## BRIEF
Would it be possible to write out each entry below exactly, without the pictures?

## Dataset items

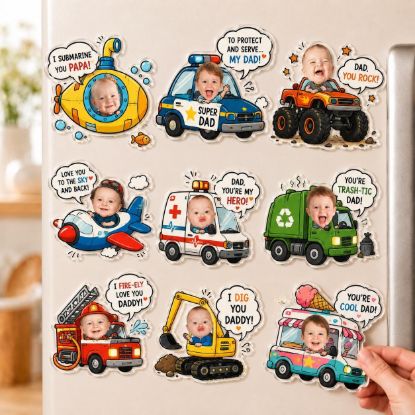 Picture of Personalized Car Kids Photo Fridge Magnet: Kids Face With Truck Frame Magnet, Fathers Day Gift For Dad, Grandpa, Papa Acrylic Magnet Decor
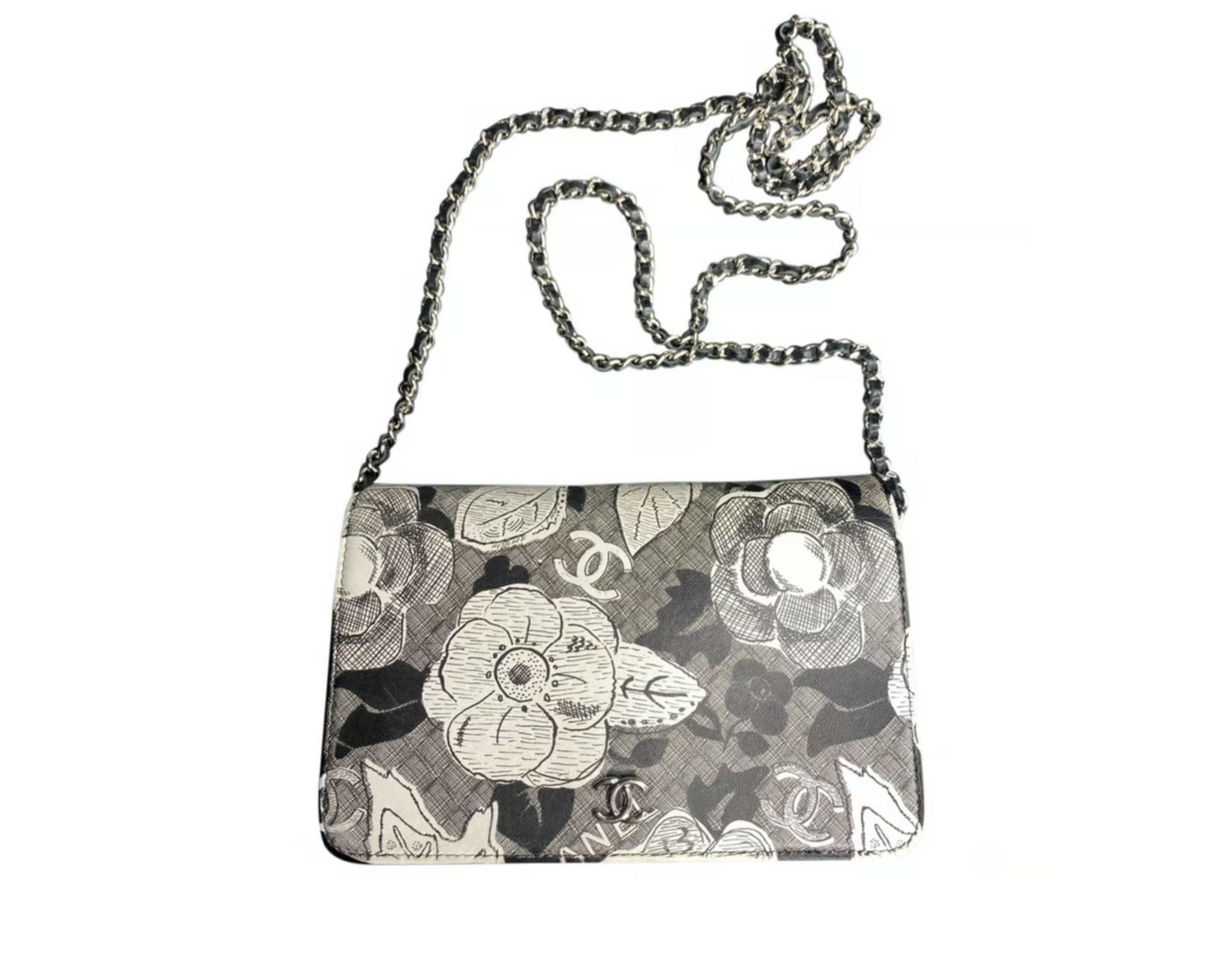 CHANEL LIMITED EDITION FLORAL WALLET ON A CHAIN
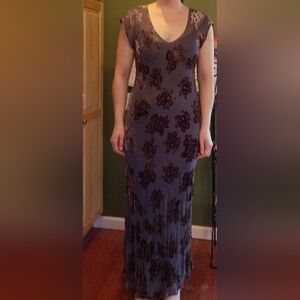 Johnny Was 4 Love And Liberty Silk Rayon Velvet Burnout 3 Piece Maxi Dress Set M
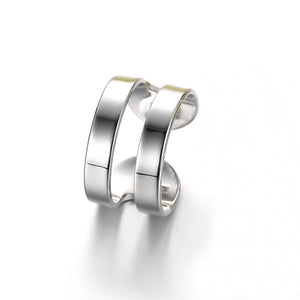 Silver Smooth Dual Row Fashion Ring - TSZjewelry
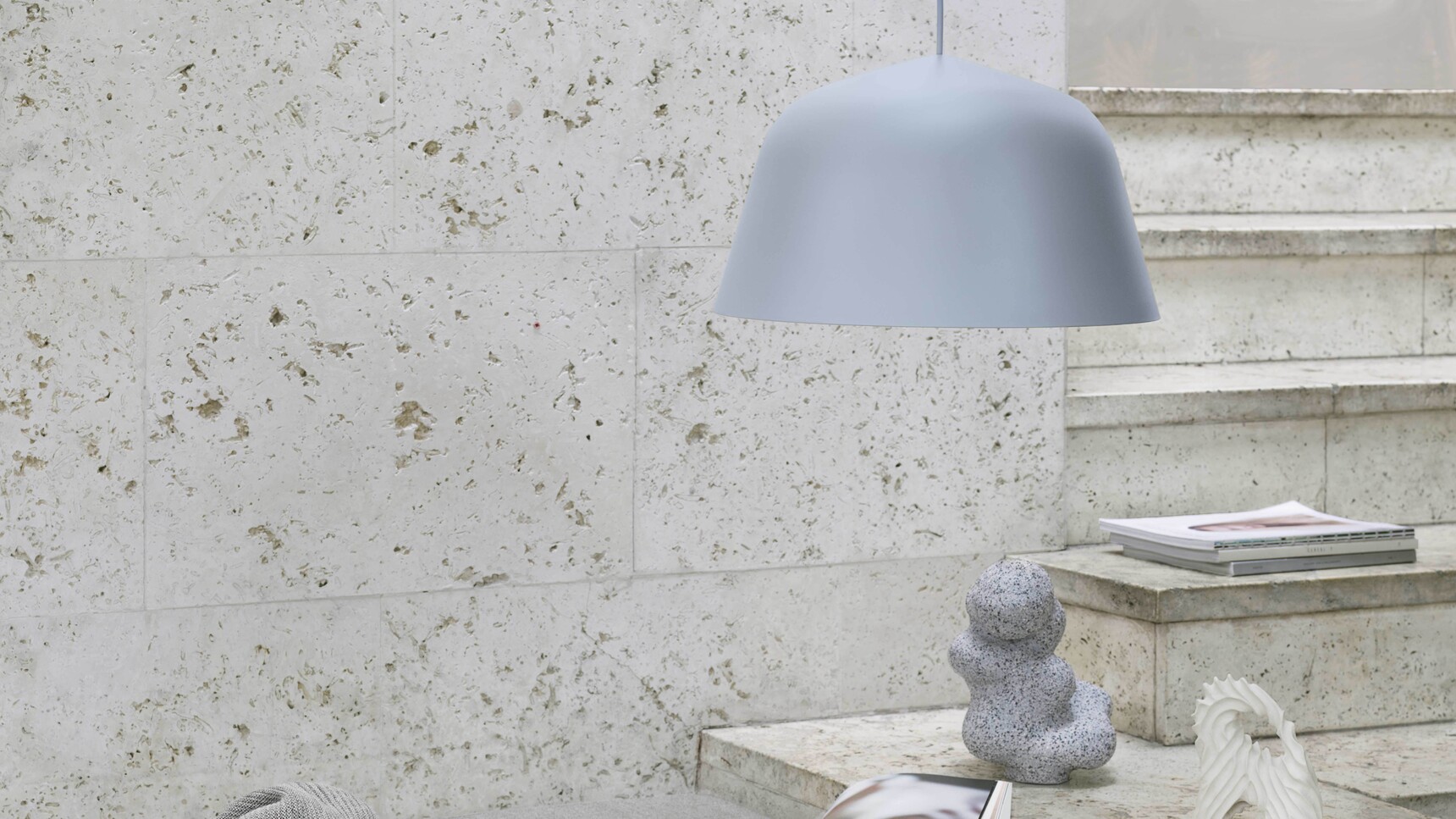 Muuto Ambit Pendant O40 Light Blue Rhythm Throw Light Grey Detail Image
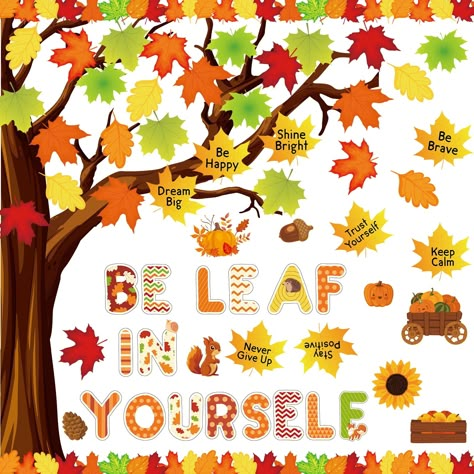 PRICES MAY VARY. Fall tree bulletin board set: You will get 1 large fall tree classroom bulletin board decorations, 9 pieces of fall leaves cutouts with motivational words, 49pcs of blank fall leaves cutouts(students could write inspirational quotes on them), 17pcs of “be leaf in yourself” words, 9pcs of fall-themed bulletin board cutouts, 30pcs of bulletin board boarders, and multiple adhesive dots. Rich patterns and abundant quantities are enough to satisfy your decorative needs. Premium mater Fall Tree Bulletin Board, Be Leaf In Yourself, Tree Bulletin Board, Tree Classroom, Bulletin Board Decoration, Fall Bulletin Board, Fall Classroom Decorations, Fall Classroom, Preschool Bulletin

## ANSWER TO THIS TASK
 Picture of Personalized Car Kids Photo Fridge Magnet: Kids Face With Truck Frame Magnet, Fathers Day Gift For Dad, Grandpa, Papa Acrylic Magnet Decor
 CHANEL LIMITED EDITION FLORAL WALLET ON A CHAIN
 Johnny Was 4 Love And Liberty Silk Rayon Velvet Burnout 3 Piece Maxi Dress Set M
 Silver Smooth Dual Row Fashion Ring - TSZjewelry
 Muuto Ambit Pendant O40 Light Blue Rhythm Throw Light Grey Detail Image
 PRICES MAY VARY. Fall tree bulletin board set: You will get 1 large fall tree classroom bulletin board decorations, 9 pieces of fall leaves cutouts with motivational words, 49pcs of blank fall leaves cutouts(students could write inspirational quotes on them), 17pcs of “be leaf in yourself” words, 9pcs of fall-themed bulletin board cutouts, 30pcs of bulletin board boarders, and multiple adhesive dots. Rich patterns and abundant quantities are enough to satisfy your decorative needs. Premium mater Fall Tree Bulletin Board, Be Leaf In Yourself, Tree Bulletin Board, Tree Classroom, Bulletin Board Decoration, Fall Bulletin Board, Fall Classroom Decorations, Fall Classroom, Preschool Bulletin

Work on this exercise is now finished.